He looked at me squarely and said, "I can be done now, but I am going to tell you I have to go just before you put me in my bed."

He was so honest in his strategy to avoid bedtime that it startled me. I needed to clarify.

"To avoid bed?" I asked bluntly. "Are you going to tell me you have to go just to put off going ni-ni?"

To that, without any shame whatsoever, he nodded.

Then, just as he said he would, as soon as I began lowering him from my onslaught of mommy snuggles and smooches into his bed, he looked up at me with his big brown eyes even bigger and browner than they were the moment before and said, "Mommy, I need to go potty."

How can I say no? He's still learning and maybe, despite his pint-sized manipulations over his clearly-bigger bladder, he does have to go. What then?

So I pulled him up and carried into the bathroom, where he (yes, you guessed it) sat and sat and sat and talked and talked and talked. And nothing else. Until I pulled him off the potty, pulled up his pajamas and took him back to bed, for real this time.

It was then that I could really see this Clifford the Big Red Dog-toting preschooler toddling toward teendom. And it both scared and entertained me.

I imagined his honesty and independence working together in his own little ways:

Mommy, I could see him informing me in a monotone, no nonsense way green light of rebellion, I'm going to come home stoned off my ass and plow through the pantry until I find a bag of Cheetos to inhale as well.

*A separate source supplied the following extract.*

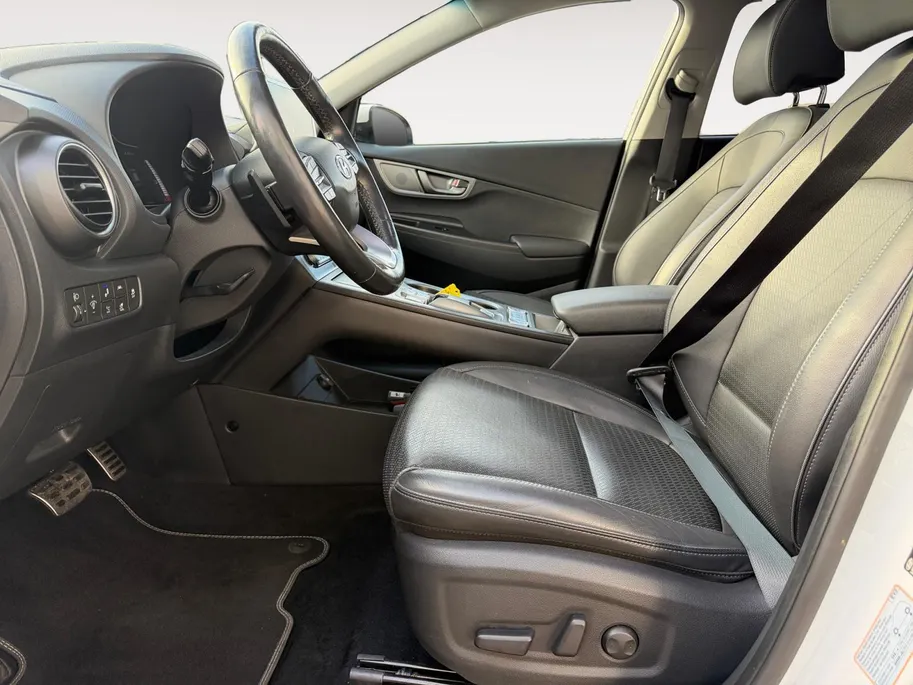 Hyundai Kona EV Limited Sky 64 kWh | Zeer compleet | 99% SOH | Open dak | Lederen bekleding | Trekhaak | Stoel verwarming & koeling | Stuurverwarming |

Mommy, I am going to totally pretend like I don't hear you when you lecture me on safe sex, drug use, cigarette nastiness and the dangers of motorcycles and any music featured on MTV, then roll my eyes and laugh about it with my friends while I run up a texting bill that far exceeds my allowance or crappy high school job earnings.

Mommy, I am going to act like I am walking into school when you drop me off but then am going to duck out as soon as you drive away and hang out in Wendy's all day with my punk ass friends.

Perhaps I'm envisioning too much or expecting too little. Who knows? But I laughed to hear him make a plan to outwit me and then tell me about it and then to still outwit me.

Oh, baby.
And to think I was concerned with five or eleven or seventeen. I guess I didn't realize that when folks say time with kids speeds by, they mean it just all gets churned over and over, just with higher stakes and more massive consumption of snacks.